Une Ecole Technique sans atelier ne peut se concevoir. L'ancienne remise du Château changea d'affectation et à force d'imagination et au prix de quelques nuits passées à l'installer, elle se transforma en atelier acceptable, si pas des plus commodes. Je voudrais à ce sujet souligner combien précieuse fut pour ce faire, l'aide d'un homme hélas décédé ces derniers jours, j'ai nommé Monsieur HANCHIR, père de notre collègue André.

Les barrières se lèvent les unes après les autres : les bâtiments se construisent, les locaux s'aménagent, les équipements perdent leur aspect rudimentaire. Nous sentons bien que nous gagnons la partie et que la confiance en nous placée par les autorités religieuses et les parents, est en tout point honorée ... Il faut dire qu'il ne pouvait en être autrement : sous le patronage des Frères des Ecoles Chrétiennes, la réussite se devait d'être au rendez-vous.

En juin 1960, nous inaugurons d'une façon très officielle la première exposition des travaux de nos élèves, organisée dans un local de ce bâtiment, dont les peintures sont à peine séchées. Trois élèves de deuxième A3 transformés en serveurs pour la circonstance, s'acquittent de leur mission avec beaucoup de sérieux et de doigté. La vente des objets présentés nous rapporte un peu moins de quatre mille francs; c'est une véritable aubaine en ces temps de disette ! utilisée à l'achat de quelques appareils de mesure.

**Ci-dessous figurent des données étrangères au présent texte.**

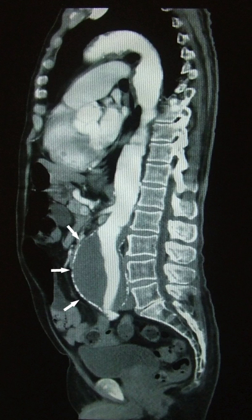Computed Tomography Angiography, also called CT angiography or CTA, is a computed tomography technique used to visualize arterial and venous vessels throughout the body. This ranges from arteries serving the brain to those bringing blood to the lungs, kidneys, arms and legs.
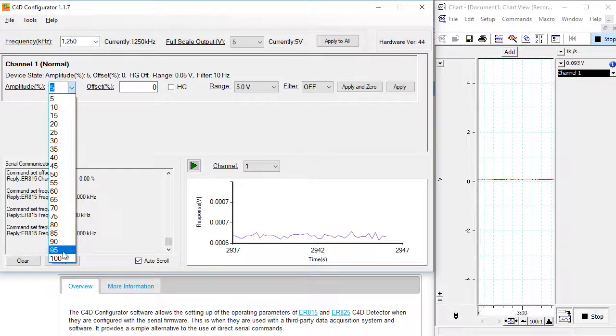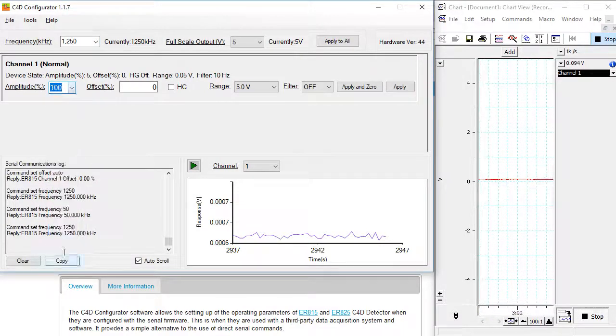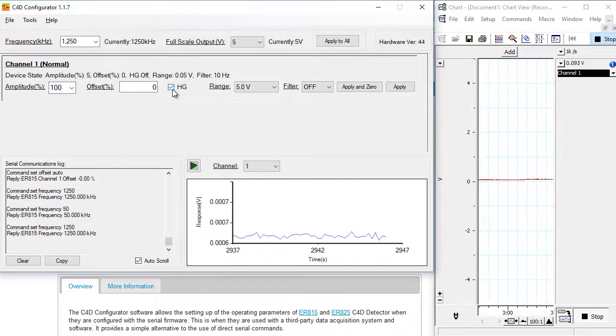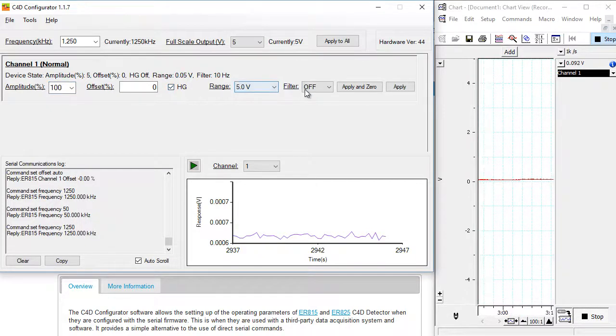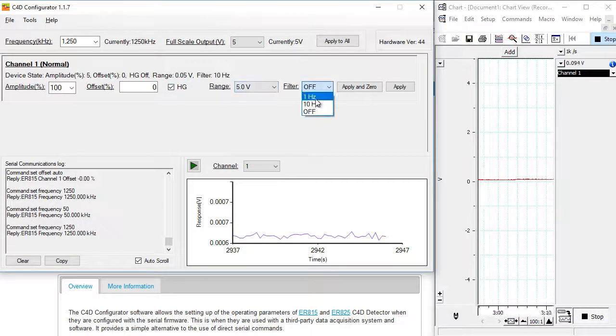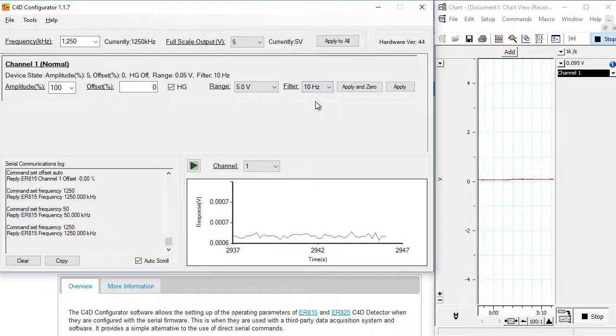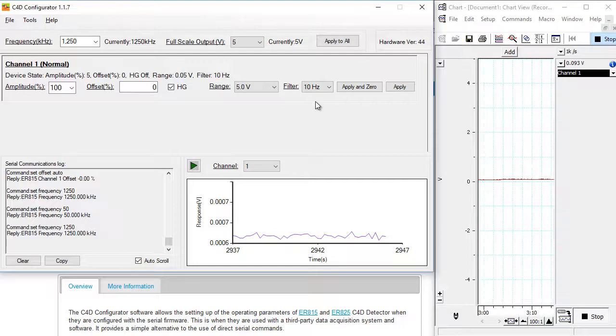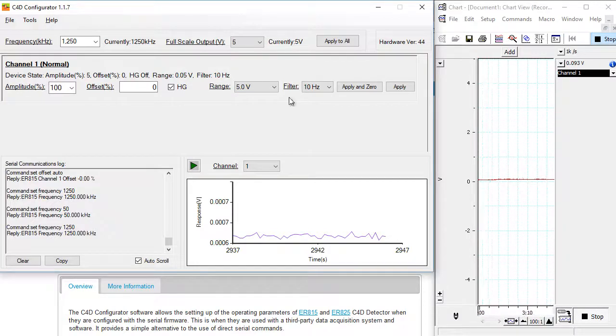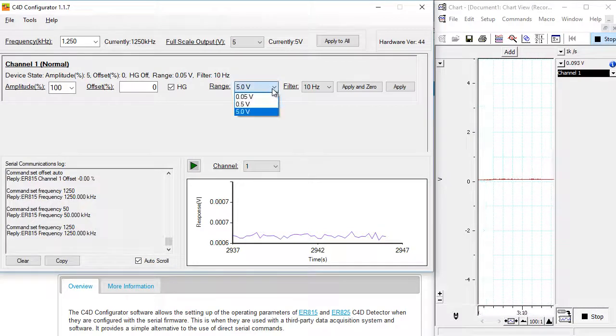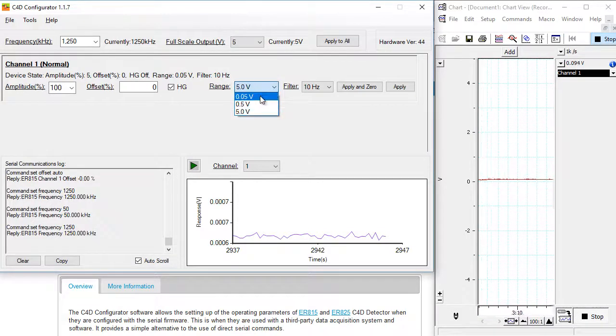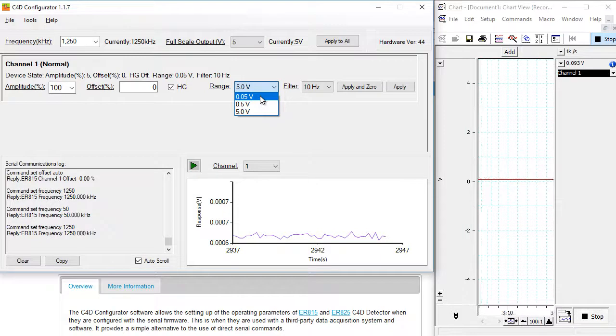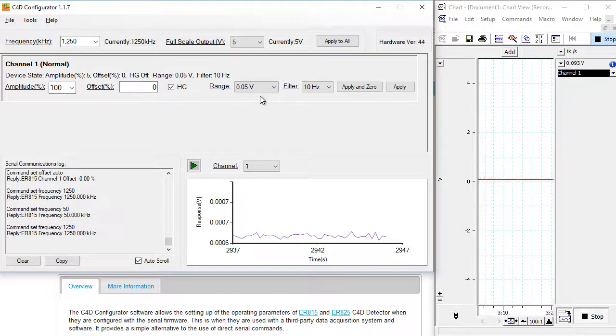The amplitude, I'm going to choose 100%, with the head stage gain on. I'm going to apply a 10 hertz low pass filter for a less noisy signal. And for the range, I'm going to choose 0.05 to see the small peaks.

En 1961, nous saluons la première promotion de troisième A 3; nous délivrons les premiers certificats d'enseignement secondaire inférieur et nous sommes déçus de voir un certain nombre de nos élèves quitter notre jeune école, pour poursuivre ailleurs leurs études en secondaire supérieur. Nous n'avions pas obtenu l'autorisation de l'Evêché d'organiser en même temps la quatrième A 3 et la première A 2. Grand fut notre désappointement ! Avec le recul du temps, je crois cependant que cette décision était sage. Notre désir de faire progresser l'avenir devant le succès rapide de notre entreprise, nous incitait, dans notre fougue peut-être trop juvénile, à prendre en ces temps-là, des risques trop peu calculés.

Mais ce n'était que partie remise et notre foi dans le devenir de notre oeuvre, pousse un petit Comité de quatre personnes à réintroduire le dossier de l'ouverture de la section A 2 dans les premiers mois de 1962. Ensemble, le Cher Frère Maubert, Messieurs V. DUBOIS et R. POTY, représentant les parents, et votre serviteur, rencontrent à Namur Monseigneur BLAIMONT. Celui-ci nous accueille avec sa bonhomie cordiale, son sens pratique des réalités et répond a notre demande, en nous faisant, non sans humour, une proposition : "Si vous avez de l'argent à dépenser, nous dit-il, pourquoi ne pas payer les frais de déplacement aux élèves qui souhaitent poursuivre les cours en A 2 en les envoyant ici à Namur ?" Ces propos nous déconcertent évidemment et le premier à réagir fut Monsieur V. DUBOIS, qui lui réplique : "Mais Monseigneur, la moralité pour nos enfants là-dedans y trouvera-t-elle son compte ?"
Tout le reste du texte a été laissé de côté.